Snip glanced behind him at the junior scenic; Nell, following his glance, saw Snip’s older cousin, Pete, lying in the whale-car, with a motorcycle paper in his hands. Pete wanted to be a Wall of Death rider one day but so far a push-bike was all he could run to. Still, he was saving up …
‘Pete don’t mind,’ Snip said. ‘Come on, Nell, or we’ll miss the beginning.’
‘I’ll come as soon as Joe gets back,’ Nell said. ‘I love a cowboy film, but I can’t let Joe down. He’s been gone an hour already, he’ll be back any minute I shouldn’t wonder. Tell you what, if we go to this matinee, why don’t you come back to our trailer afterwards? My Mum will make us supper and we can play cards when we’ve eaten, if they don’t need us here.’

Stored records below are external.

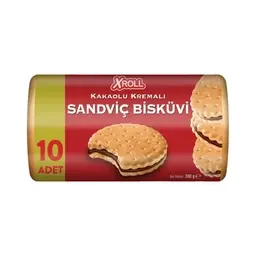 Xroll Kakao Kremalı Sandviç Bisküvi 10x30 G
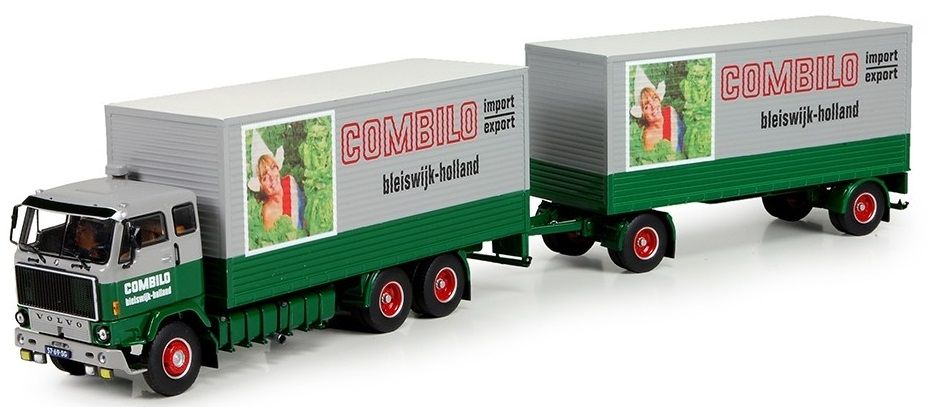 VOLVO F88 4X2 avec remorque 2 essieux VAN HOLLAND TRANSPORTEN, WSI01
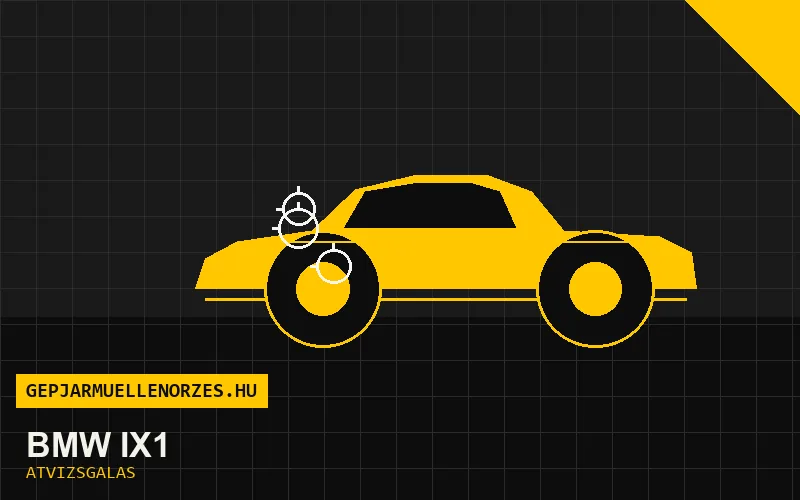 BMW iX1 vásárlás előtti autó átvizsgálás a helyszínen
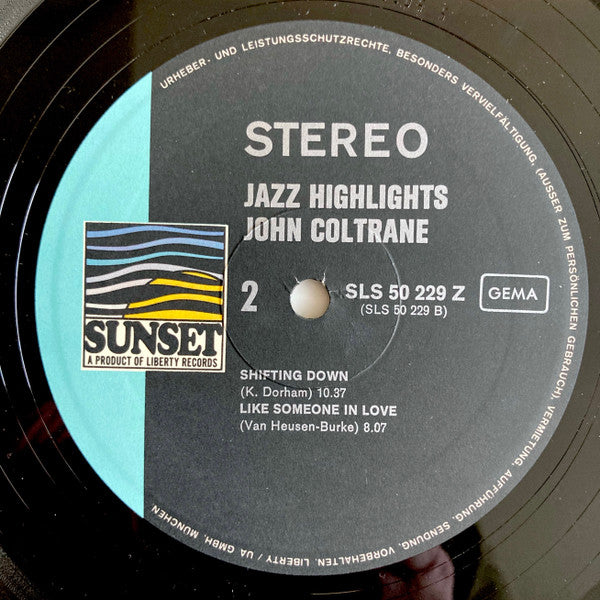 John Coltrane : Jazz Highlights Vol.6 (LP, Comp)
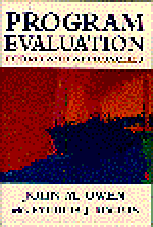 Program Evaluation: Forms and Approaches book cover by John M Owen, Patricia Rogers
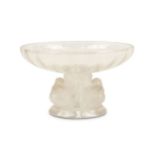 A lalique glass pedestal bowl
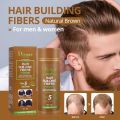 Disaar Organic Brown Hair Fiber Powder Disaar Hairdressing Building OEM Hair Loss Treatment Hair Fiber 22g DS5112. 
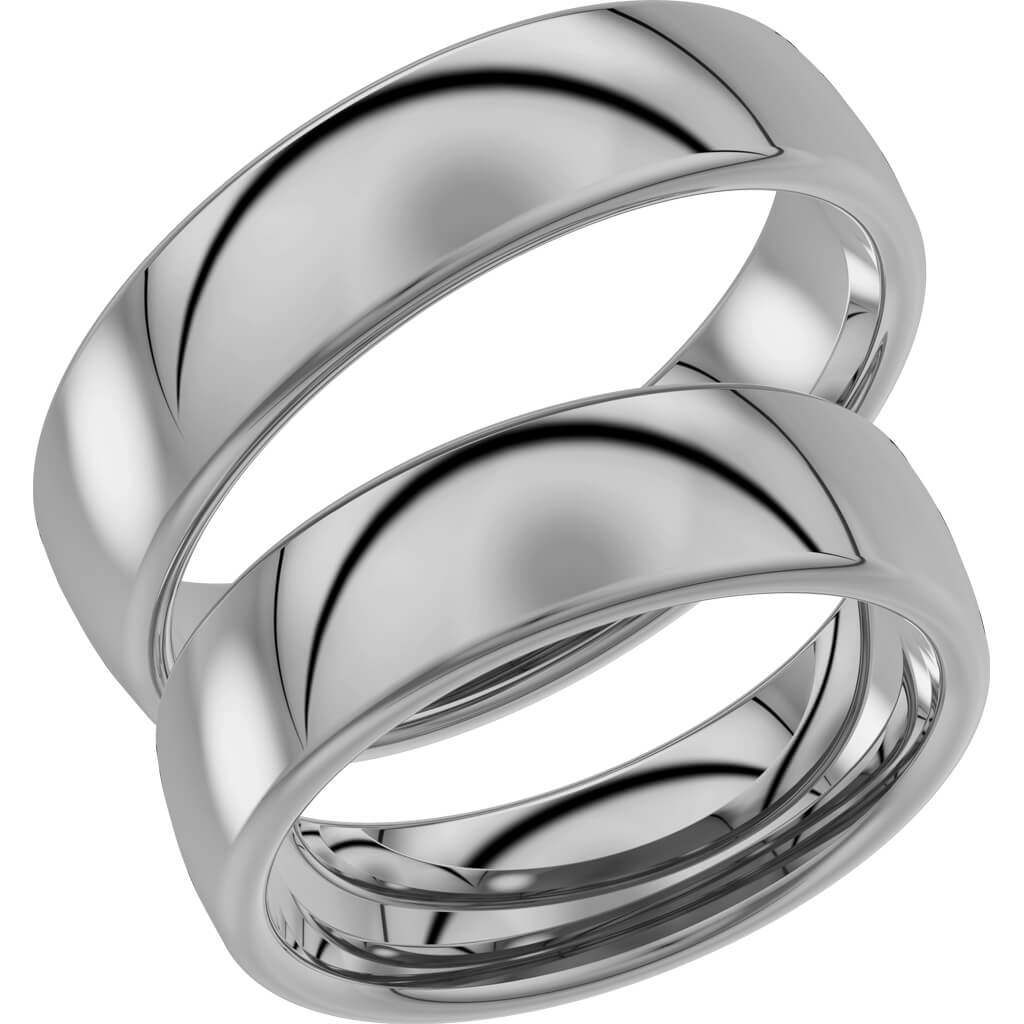 240-6 - Bred slät ring i palladium - Dahlströms Guld
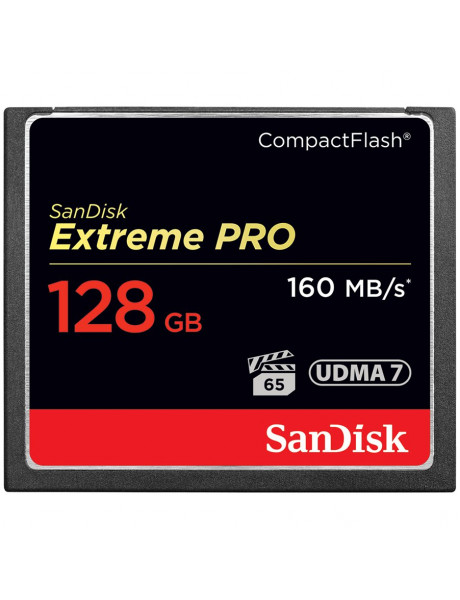 SDCFXPS-128G-X46 SanDisk Extreme PRO CF 160MB/s 128 GB VPG 65, UDMA 7, EAN: 619659102500
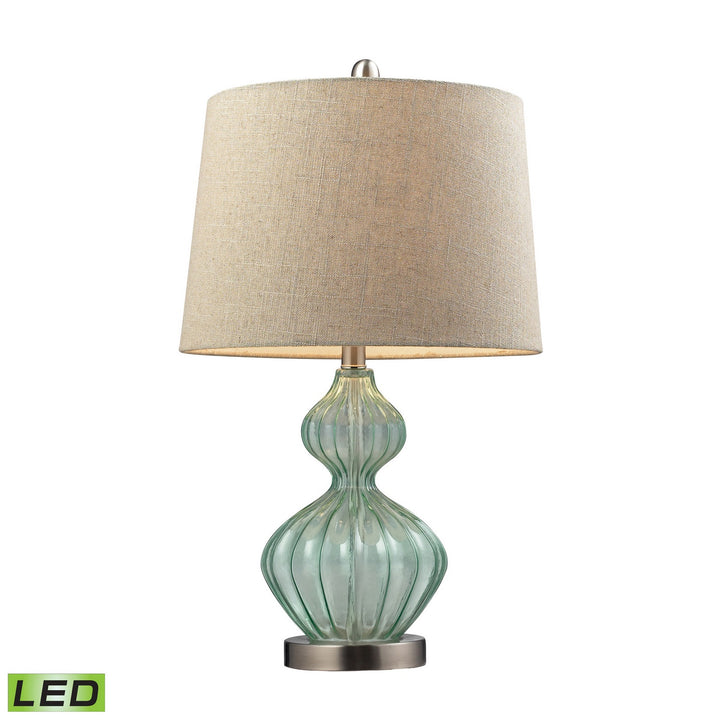 Elk Lighting D141-LED  Smoked Glass Lamp Light Green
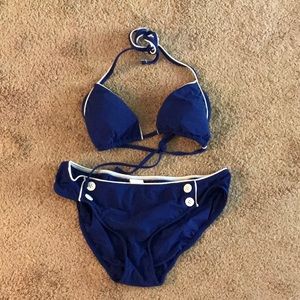 Ralph Lauren 2 Piece Sailor Bikini Blue Label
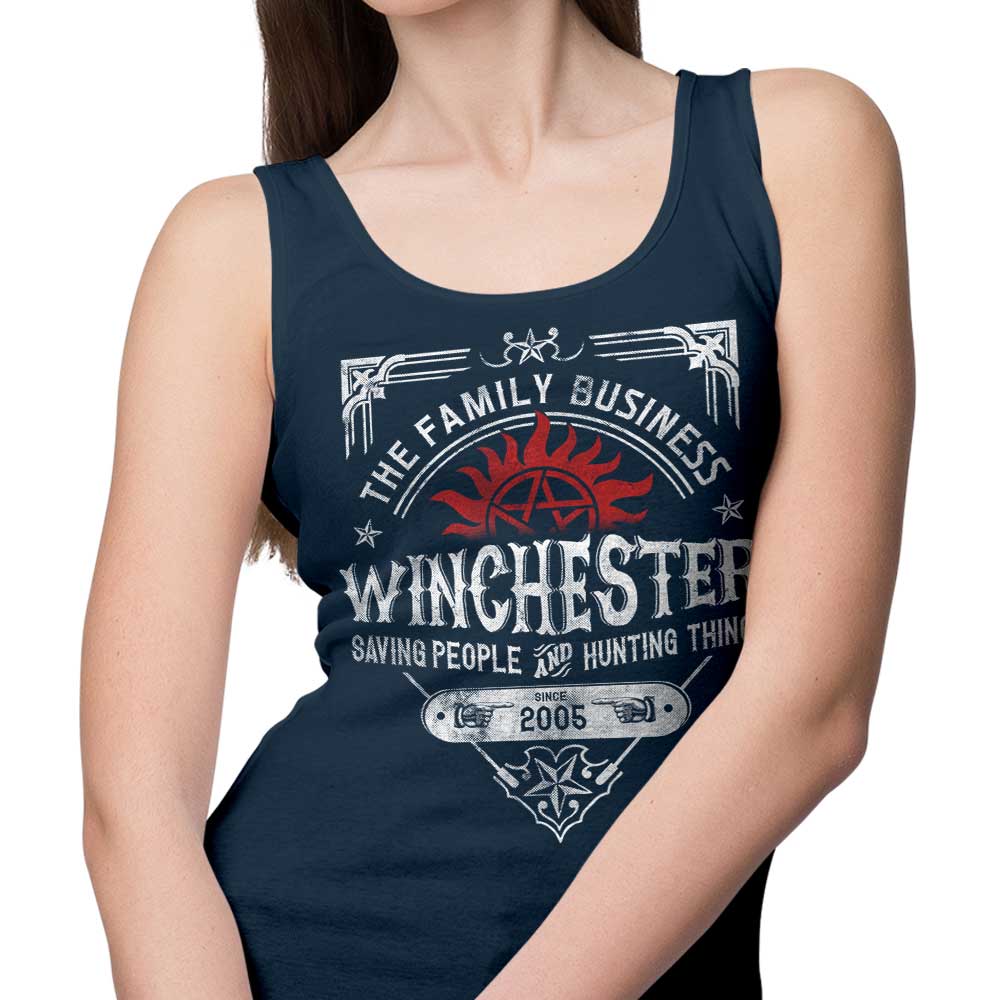 Arinesart's Comfortable Family Business Unisex and Women's Tank Tops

She felt grand, giving an invitation like that. All the grander, probably, because until quite recently she and Hester had lived once again in their little tent and worried about the coming winter. In previous years the three coldest months of the year had been miserable and Nell had felt very much the poor relation among the fair kids. Despite her resolve to take life as it came, she could not help remembering, with real wistfulness, how different life had once been. The lodge, the castle, the wonderful countryside, all hers! A roof over her head, a fire, warm clothes; her own Daddy, permanent friends, school. But it had all ended after she had been rescued from the cave, and since then she had done her best to accept it and stand by Hester through thick and thin. She was doing her best to forget that part of her life before the fair. She tried to behave as if the first seven years of her life had
been wiped out and, faced with a clean slate, she meant to follow her mother’s example and make a new life for herself. The move had not helped because at ten or so, you need a home, friends, family almost more than you need anything else.